(Collection entries)
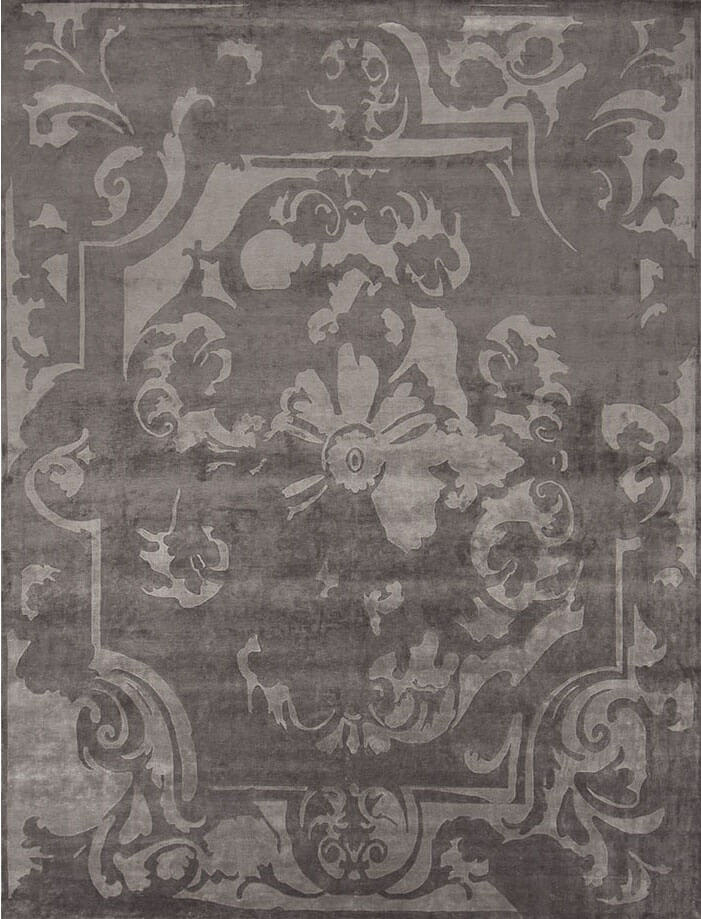 Эксклюзивный ковер класса люкс Bourbon Anthracite | Размер: 250 x 300 см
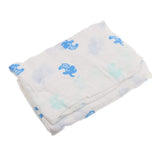 Children'S Cotton Blanket Baby Simple And Cute White*Blank Blanket Air Conditioning Blanket Beach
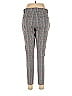 Gap Plaid Houndstooth Marled Argyle Grid Tweed Gray Casual Pants Size 8 - photo 2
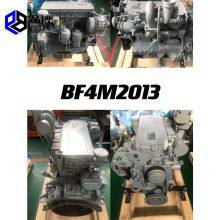 Generador de cuatro tiempos original de refrigeración por agua DEUTZ BF4M2013 con función de arranque eléctrico y motor mecánico thumbnail-2
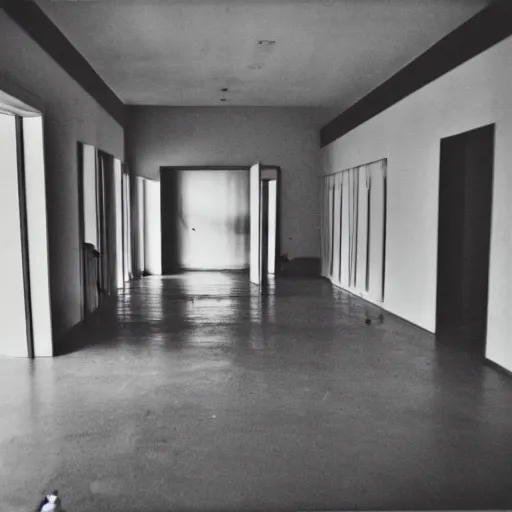 Image similar to empty rooms, liminal space, shot on a low quality camera from early 2 0 0 0 s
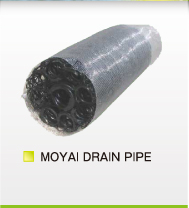 MOYAI DRAIN PIPE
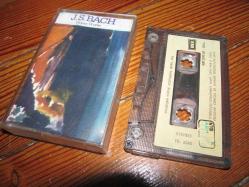 J . S. BACH  ORGAN WORKS    KASET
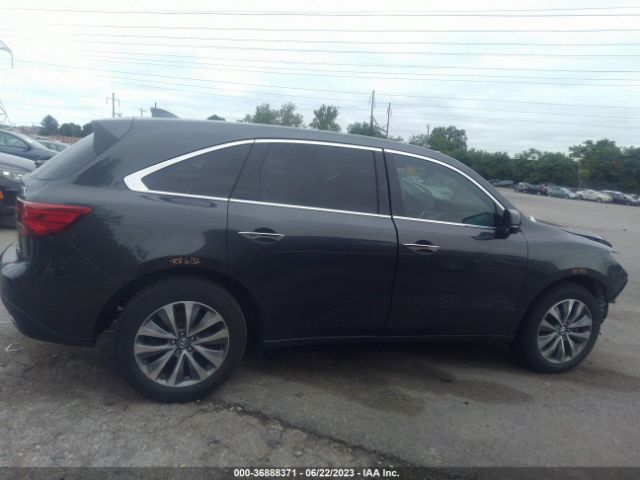 5FRYD4H45FB011610 Acura Mdx Tech Pkg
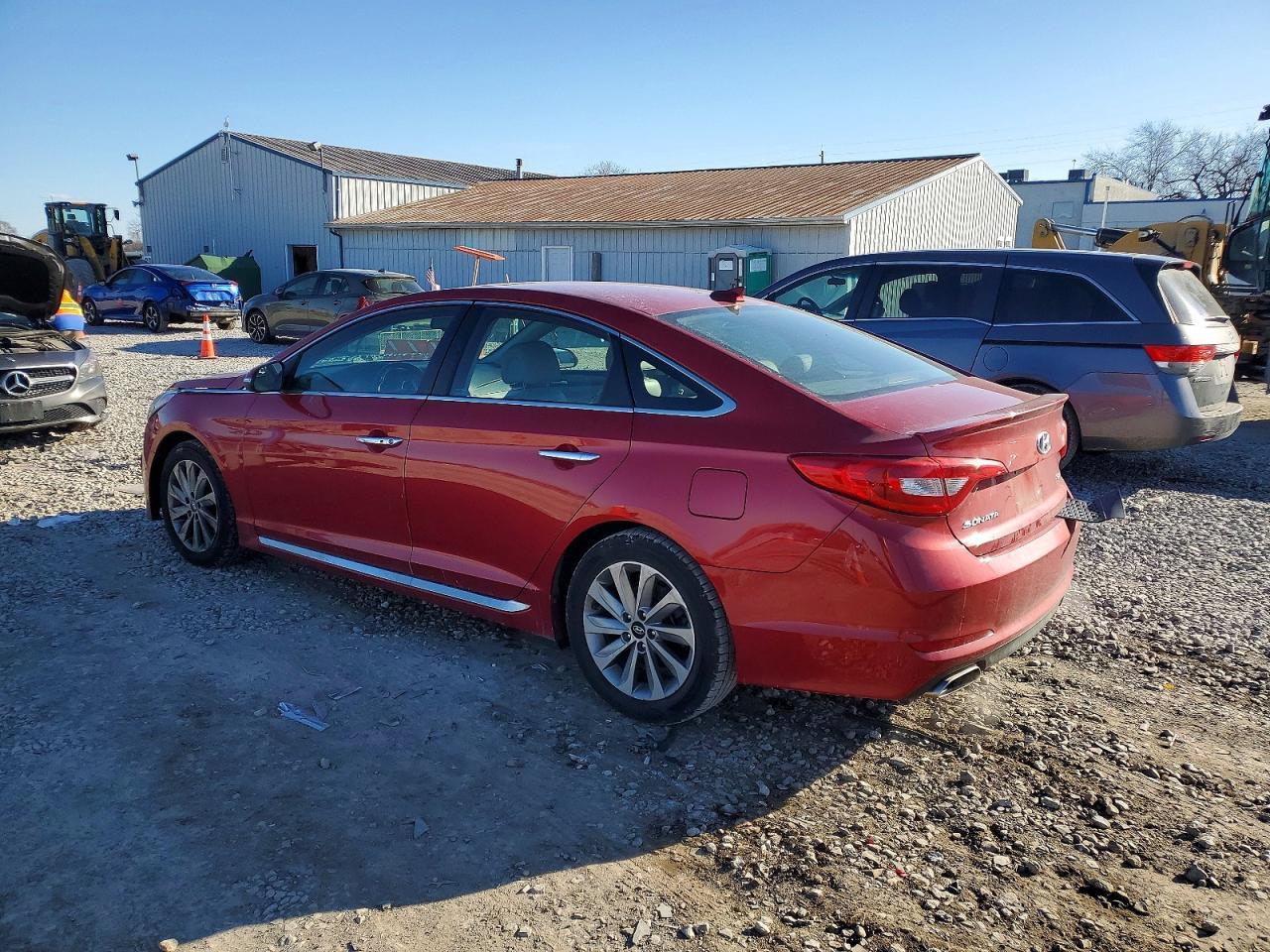2017 Hyundai Sonata Sport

- What is required
Leave out the pictures and retype the rest of the entries exactly.

- Result
 Эксклюзивный ковер класса люкс Bourbon Anthracite | Размер: 250 x 300 см
 Children'S Cotton Blanket Baby Simple And Cute White*Blank Blanket Air Conditioning Blanket Beach
 Gap Plaid Houndstooth Marled Argyle Grid Tweed Gray Casual Pants Size 8 - photo 2
 Generador de cuatro tiempos original de refrigeración por agua DEUTZ BF4M2013 con función de arranque eléctrico y motor mecánico thumbnail-2
 Image similar to empty rooms, liminal space, shot on a low quality camera from early 2 0 0 0 s
 MOYAI DRAIN PIPE
 J . S. BACH  ORGAN WORKS    KASET
 5FRYD4H45FB011610 Acura Mdx Tech Pkg
2017 Hyundai Sonata Sport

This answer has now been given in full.